Até que isso muda. O onírico atinge seu auge quando Paul, já familiar aos sonhos do mundo inteiro, toma atitude – claro, apenas no subconsciente, já que na vida real ele continua patético. A escalada à fama é indesejada inicialmente, mas começa a tomar forma conforme o protagonista enxerga as vantagens disso. Nicolas Cage brilha ao dar vida a um homem mediano alçado ao status de celebridade repentinamente, deslumbrado com a atenção, sem deixar de agir desconcertado e inapto à situação. Em uma das cenas mais cômicas do longa, o personagem aceita se reunir com uma agência de publicidade. Enquanto os marqueteiros querem usar sua imagem para fazer comerciais da Sprite, ele quer aproveitar para promover seu livro sobre… plantas?

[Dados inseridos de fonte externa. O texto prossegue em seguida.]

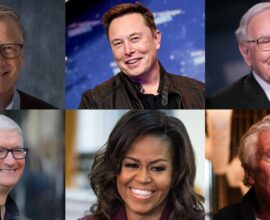 habits of successful people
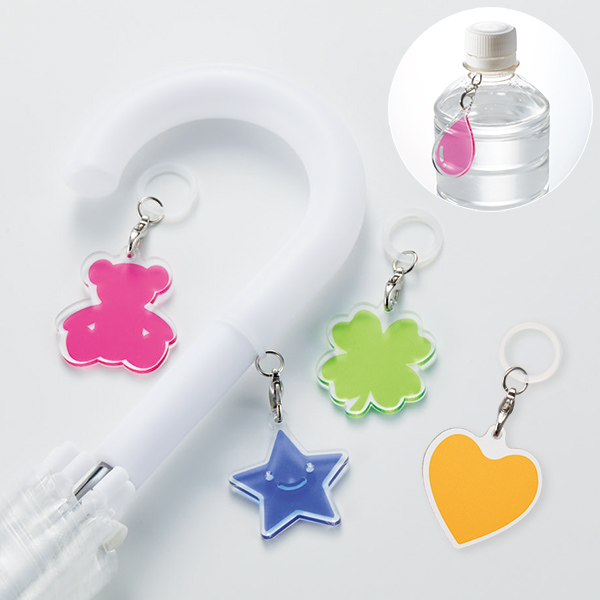 アンブレラマーカー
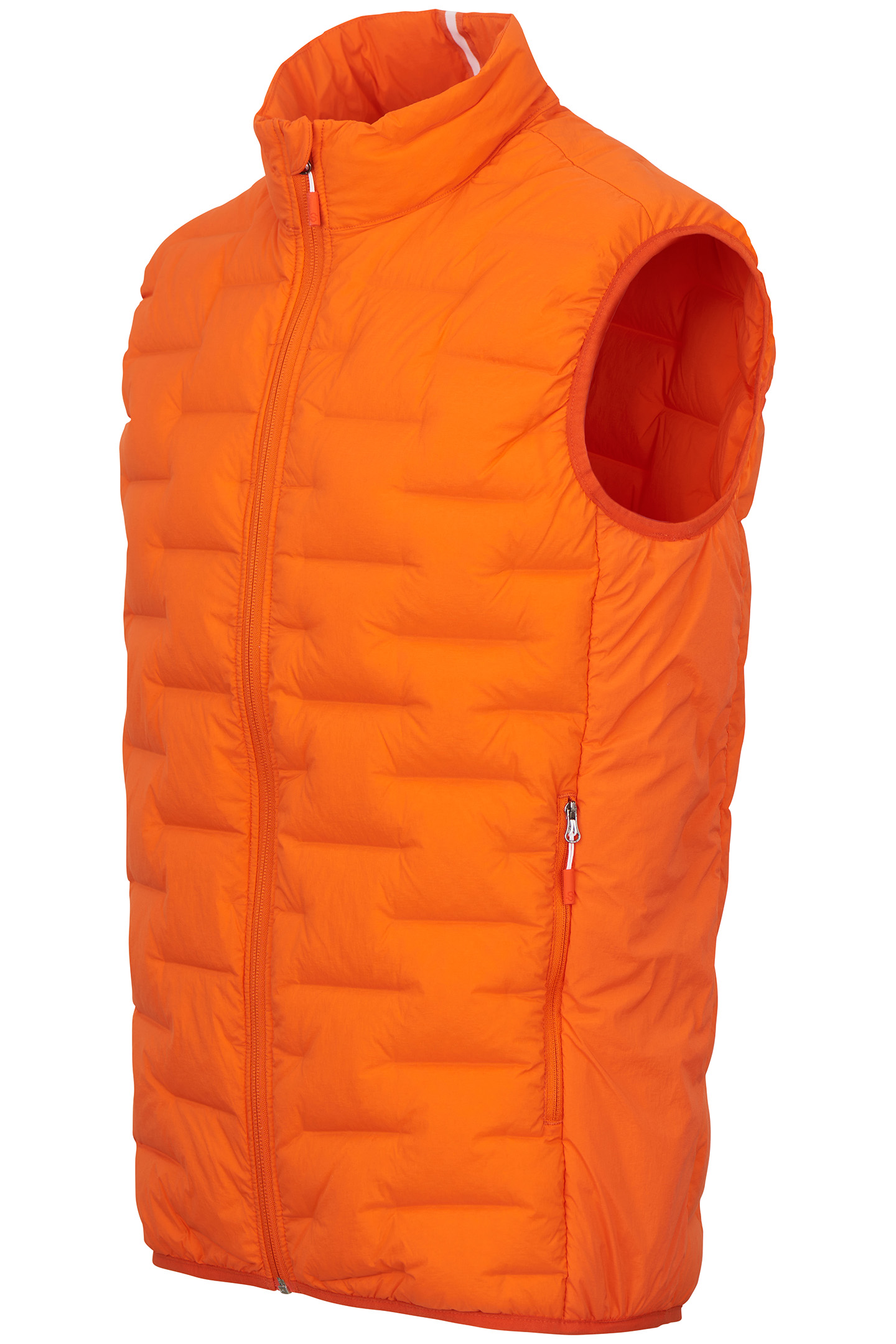 LOFOTEN SEAMLESS DOWN WEST SWIMS ORANGE 4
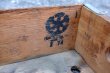画像8: dp-250722-04 SEVEN UP 7 Up 1970's WOOD BOX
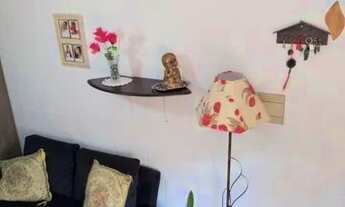 Imagem 3: Vende Imóvel apartamento 2 dormitórios terreo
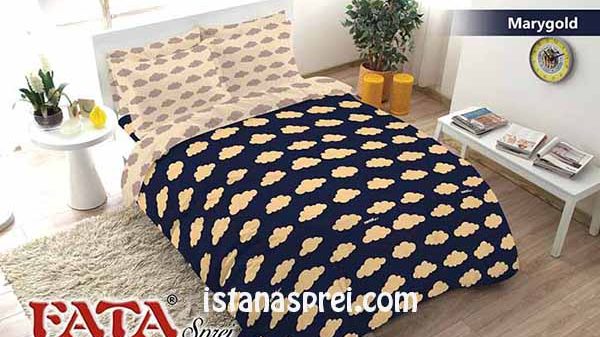 Bed Cover Fata Marygold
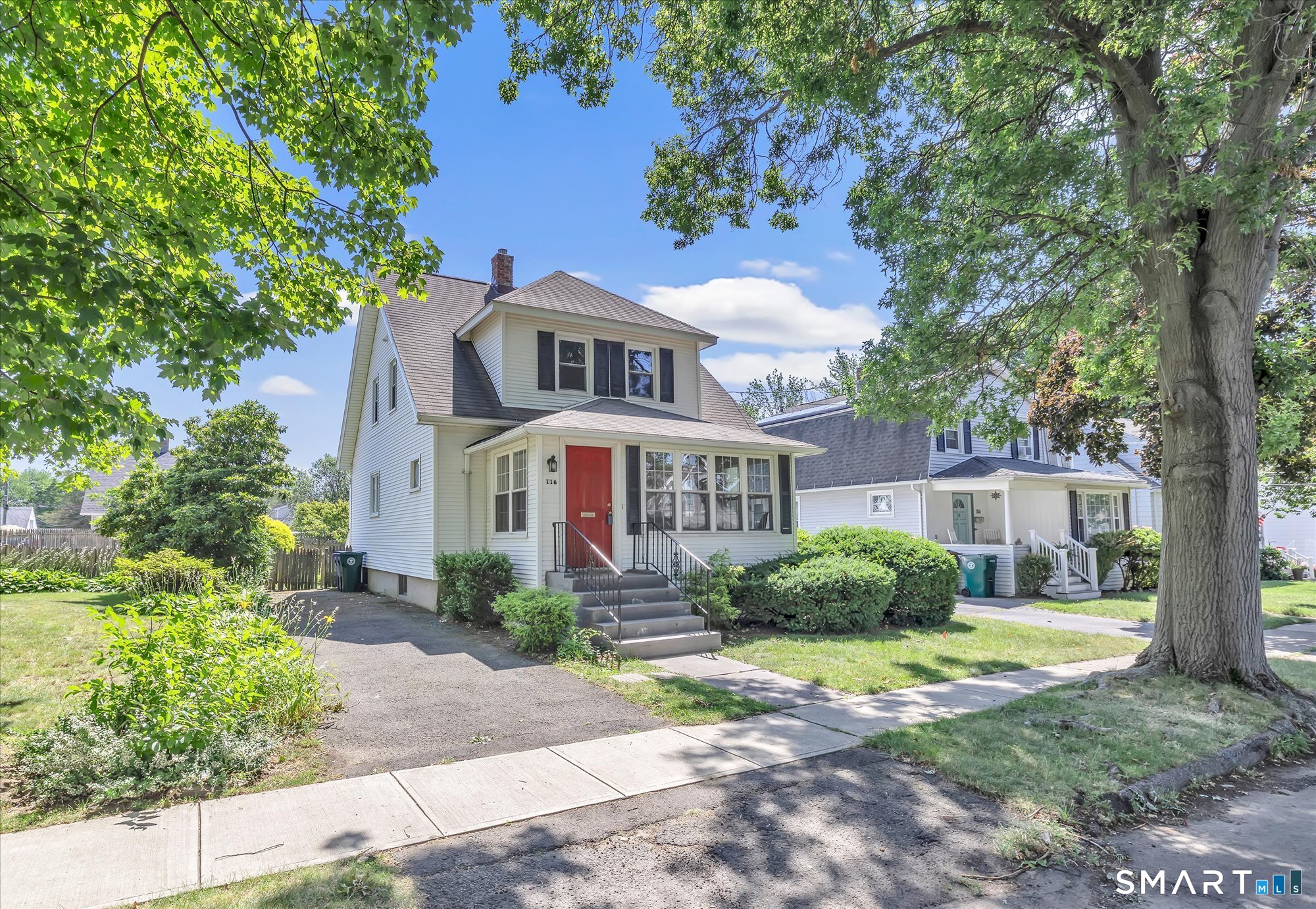 116 Johnson Avenue Stratford CT 06614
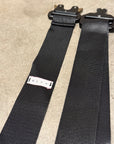 ALYX ROLLERCOASTER BELT ‘BLACK’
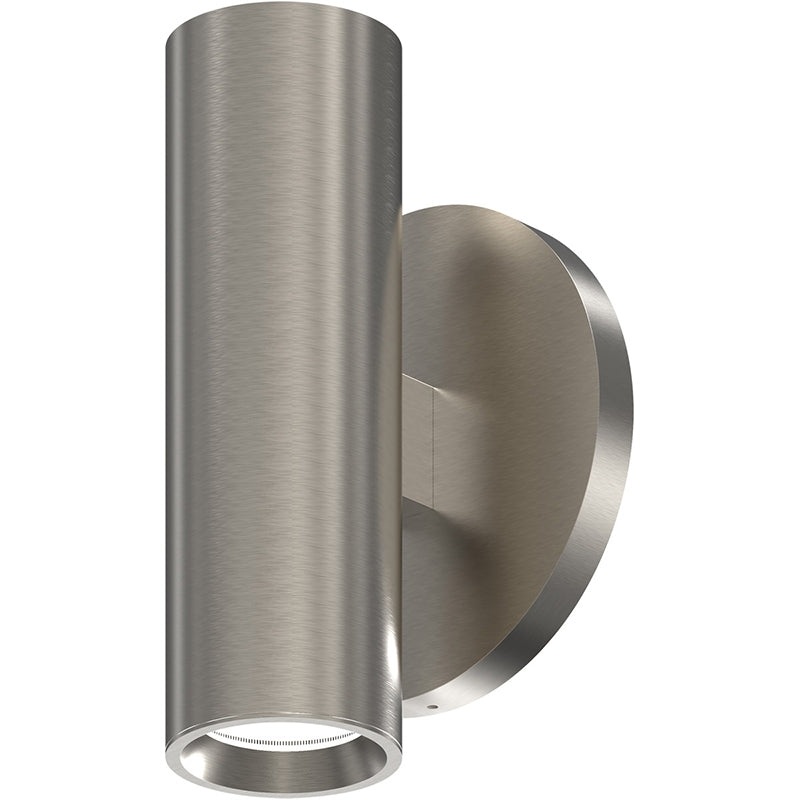 Sonneman 3050 ALC 7" Tall One-Sided LED Sconce w/Bezel Trim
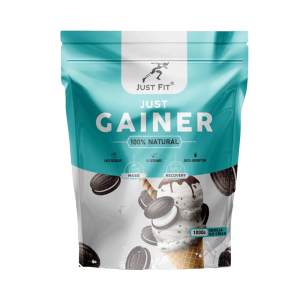 Just Fit Gainer 1000 гр Just Fit Gainer 1000 гр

Nas mãos de Borgli, a primeira metade do filme cria expectativa para o quão longe O Homem dos Sonhos pode chegar. Tratando-se do campo imaginário, nem o céu é o limite. A trajetória desanda quando a sequência coloca os pés no chão. Ao invés de extrapolar o absurdo dos sonhos, algo que faria sentido dentro do selo da A24 e da produção de Ari Aster, o longa toma um caminho comum de abordar as consequências da fama no dia a dia de uma pessoa comum.
Ao passo que a versão imaginária de Paul passa a agir como o completo oposto da versão real, alunos, colegas de trabalho e pessoas na internet passam a acusá-lo por suas ações – que, na verdade, ele nunca chegou a fazer, elas apenas sonharam. Até que ponto o protagonista é responsável por aquilo que fizeram dele? A cultura do cancelamento e os hábitos de consumo da nova geração viram o centro de Dream Scenario, desperdiçando o potencial de continuar fora da caixinha.
Não que isso arruíne tudo que foi construído até ali. Com a liderança de Cage, Paul vira um personagem tosco, perdido dentro do que ele próprio almejou, algo simultaneamente cômico e dramático de se assistir. O debate até chega a promover a reflexão das consequências da celebrização e de levar a internet ao extremo, mas perde a força em se contentar com uma discussão repetitiva.
Sem saber muito bem como se concluir, O Homem dos Sonhos abraça o personagem que Paul se tornou, deixando o campo onírico de lado em prol de uma sátira aos hábitos de consumo modernos. À lá Freddy Krueger, Paul Matthews eventualmente some dos sonhos, tão sem explicação quanto entrou. Agora, ele se contenta em ser alguém que passou pelo ciclo da fama completo, da exaltação à decadência do cancelamento, vendo o seu fenômeno ser repercutido como um estudo de caso publicitário. Ao final, é a sequência de Nicolas Cage vestido de David Byrne, salvando a ex-esposa ao som de Talking Heads, que lembra que todo o caminho até ali valeu a pena, pelo menos em sonho.